┌──

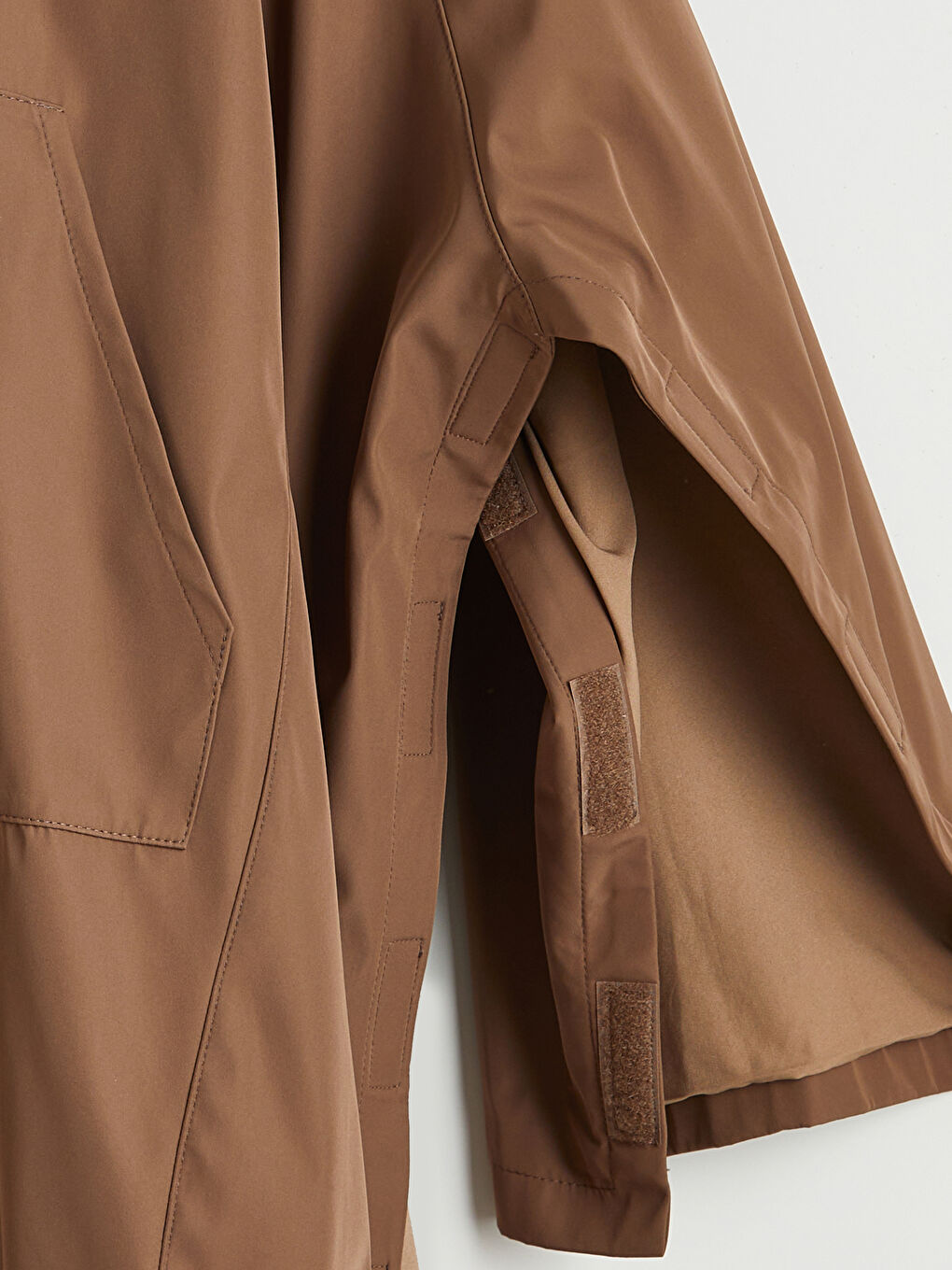 Kahverengi Kolay Giyilebilir Yanlardan Cırt Bant Kapamalı Kadın Yağmurluk-8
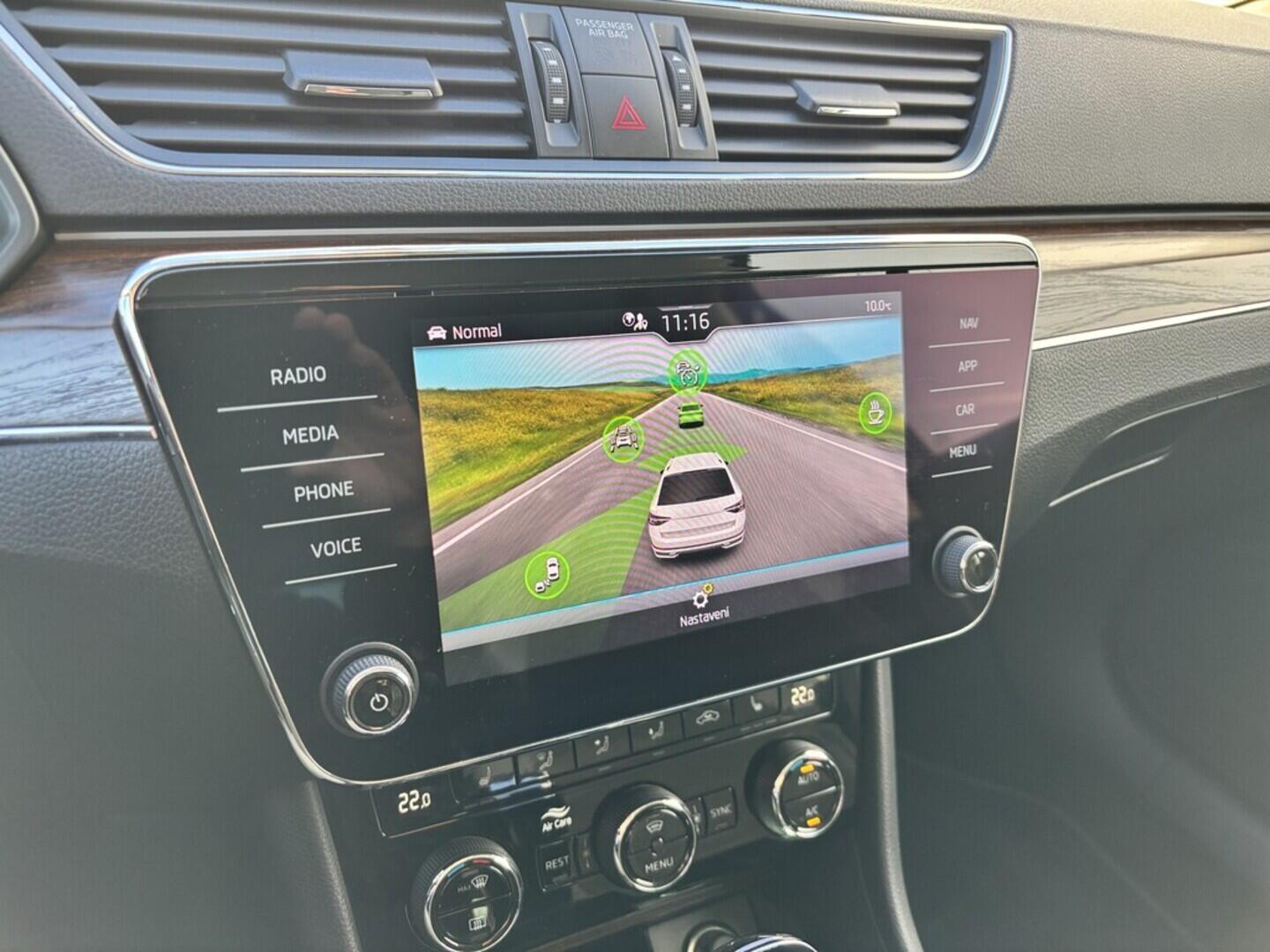 OZ190V01517_34.webp_SUPERB Scout 2.0 TDI 140 kW automat, DPH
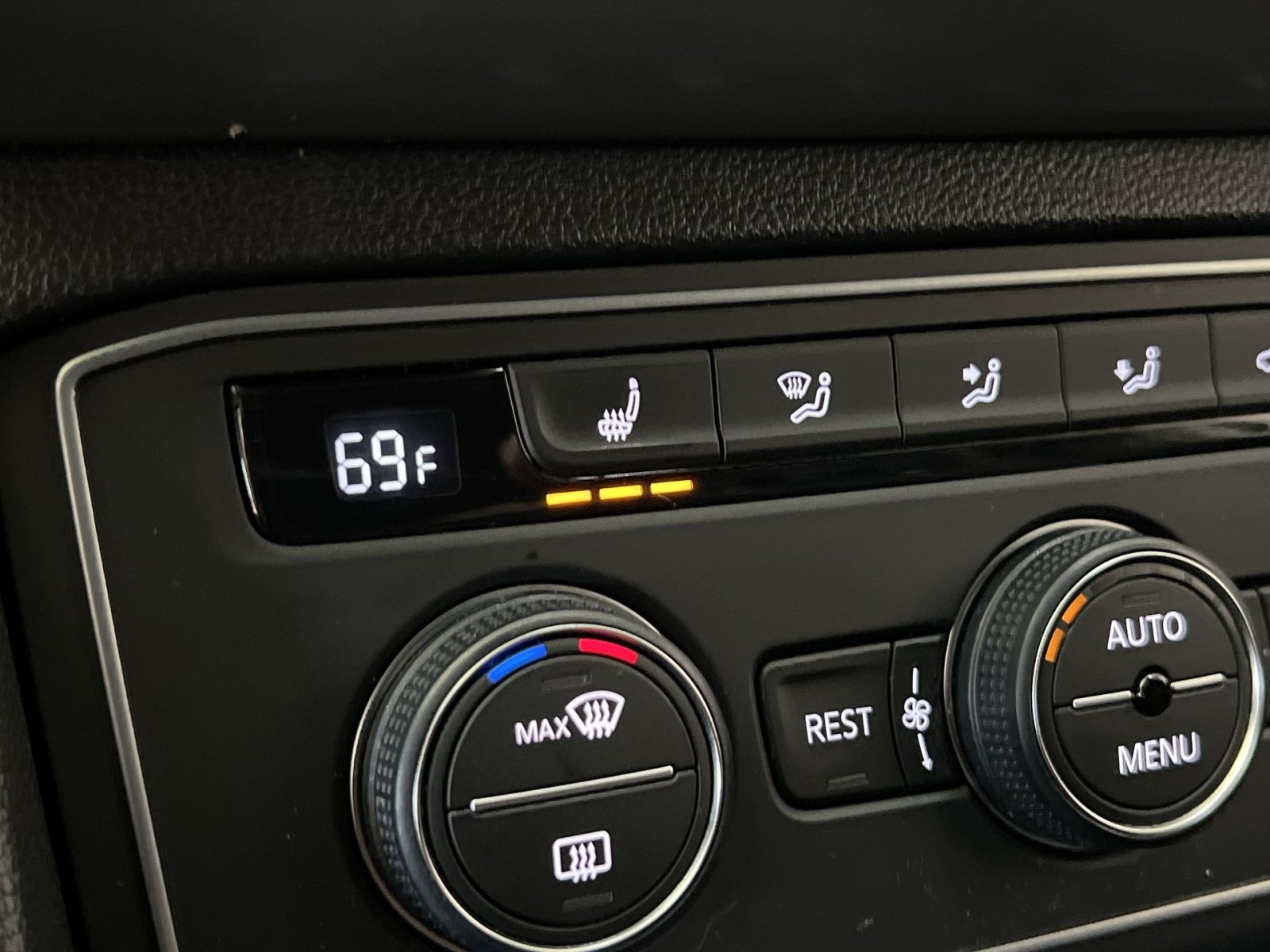 Used 2019 Volkswagen Atlas SE AWD/4WD image 35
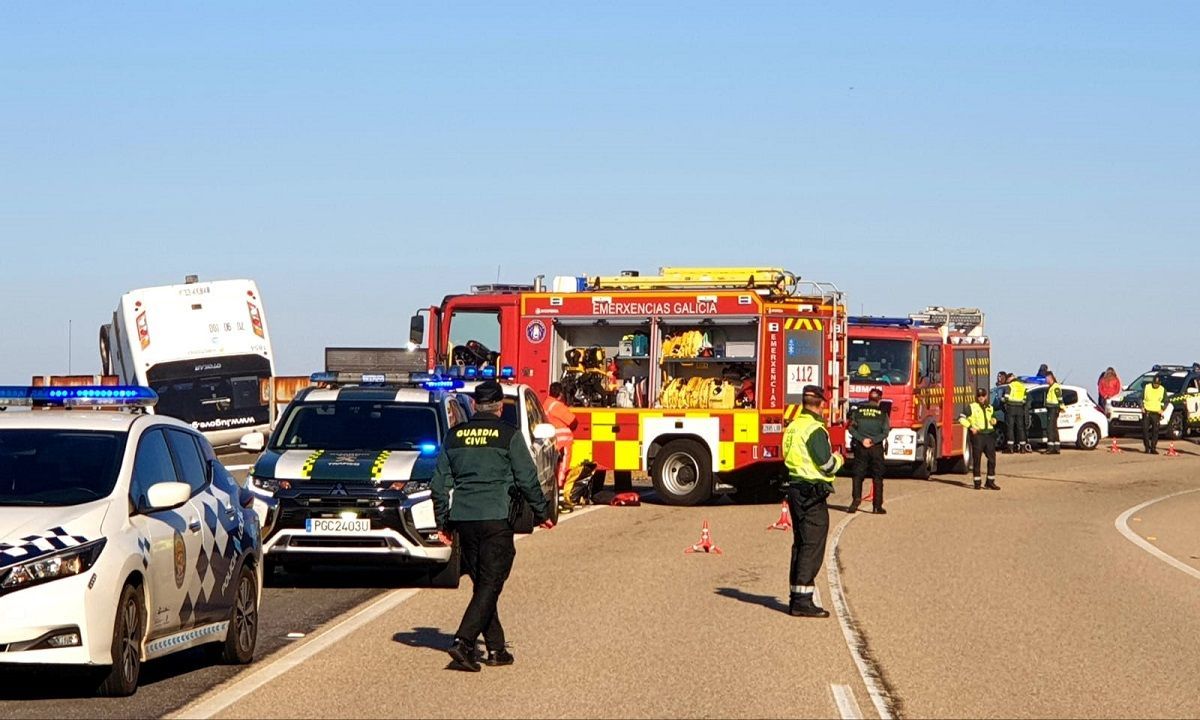 Cuatro heridos tras volcar un bus que quedó 'colgado' en las rocas de cabo Silleiro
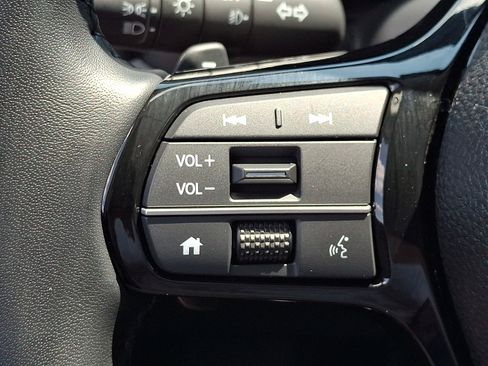 Certified 2025 Honda Pilot EX-L image 24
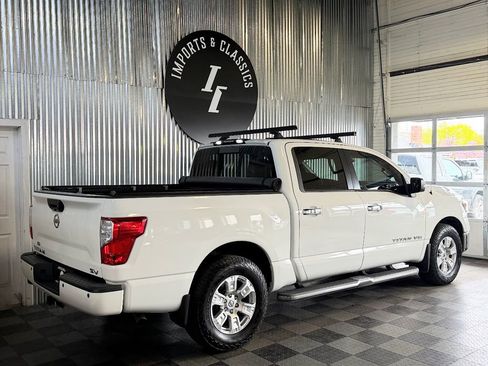 Used 2019 Nissan Titan SV w/ SV Convenience Package image 4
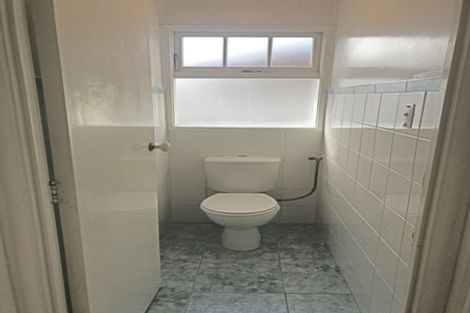 Photo of property in 11 Walworth Avenue, Pakuranga Heights, Auckland, 2010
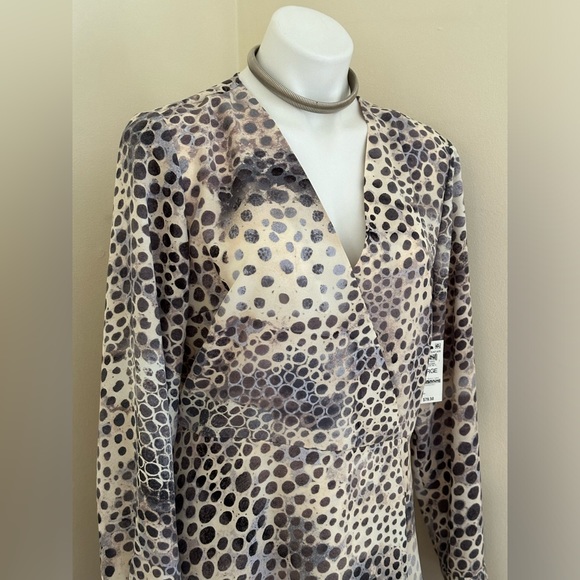 Alfani NWT White, Black Blue Animal Print Asymmetrical Wrap Look Blouse Sz L - Picture 5 of 12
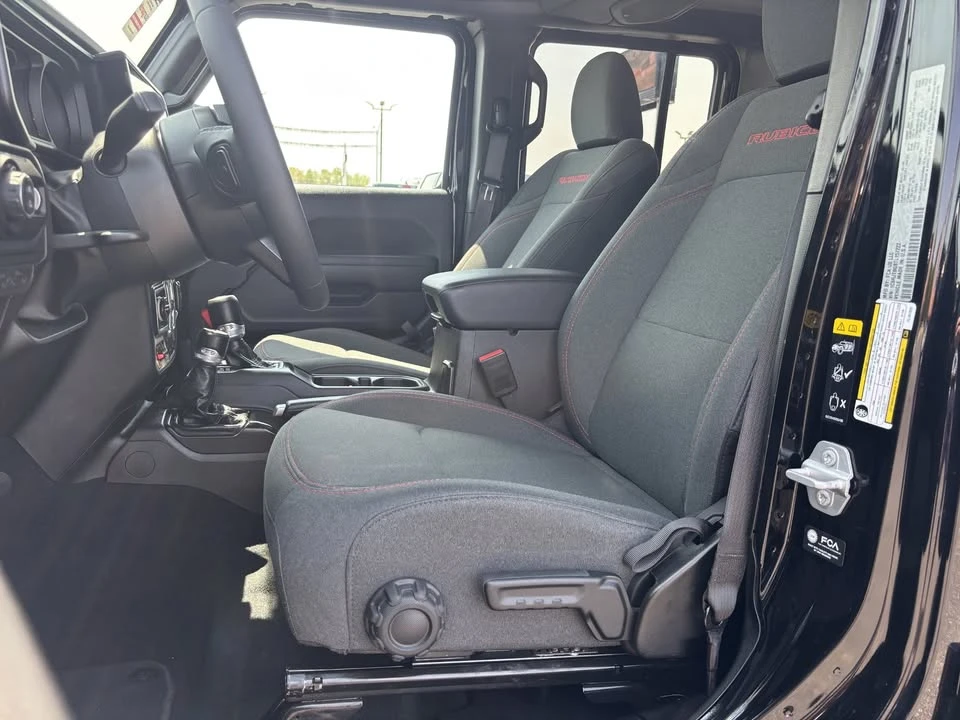 2026 Jeep JT Gladiator - Image 10 of 20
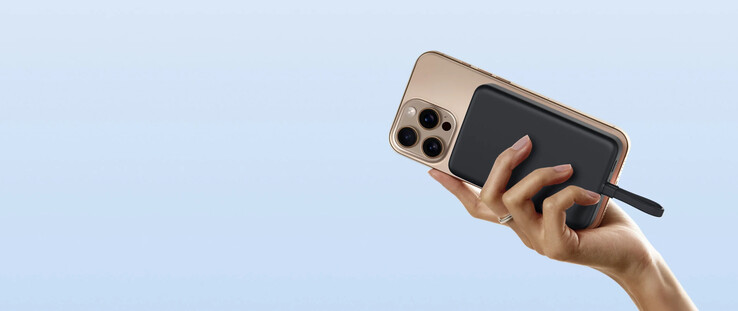 El Xiaomi 33W Magnetic Power Bank 10000 Cable integrado. (Fuente de la imagen: Xiaomi)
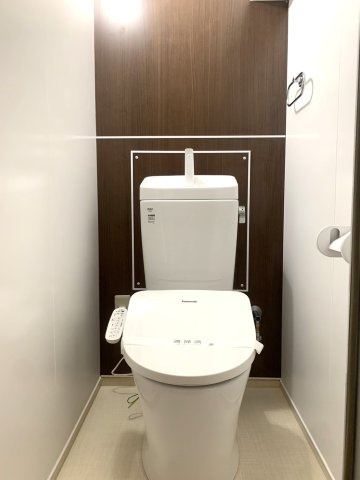 ◆２沿線利用可能◆陽当たり・通風良好の３ＬＤＫ◆複層ガラス採用◆宇治大久保コープＡ棟のトイレ|トイレ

└──

Every picture stays out; reproduce exactly the lines from the one with "OZ190V01517_34.webp_SUPERB Scout 2.0" through the last line of the data above.

**TASK OUTPUT:**
 OZ190V01517_34.webp_SUPERB Scout 2.0 TDI 140 kW automat, DPH
 Used 2019 Volkswagen Atlas SE AWD/4WD image 35
 Cuatro heridos tras volcar un bus que quedó 'colgado' en las rocas de cabo Silleiro
 Certified 2025 Honda Pilot EX-L image 24
 Used 2019 Nissan Titan SV w/ SV Convenience Package image 4
 Photo of property in 11 Walworth Avenue, Pakuranga Heights, Auckland, 2010
 Alfani NWT White, Black Blue Animal Print Asymmetrical Wrap Look Blouse Sz L - Picture 5 of 12
 2026 Jeep JT Gladiator - Image 10 of 20
 El Xiaomi 33W Magnetic Power Bank 10000 Cable integrado. (Fuente de la imagen: Xiaomi)
 ◆２沿線利用可能◆陽当たり・通風良好の３ＬＤＫ◆複層ガラス採用◆宇治大久保コープＡ棟のトイレ|トイレ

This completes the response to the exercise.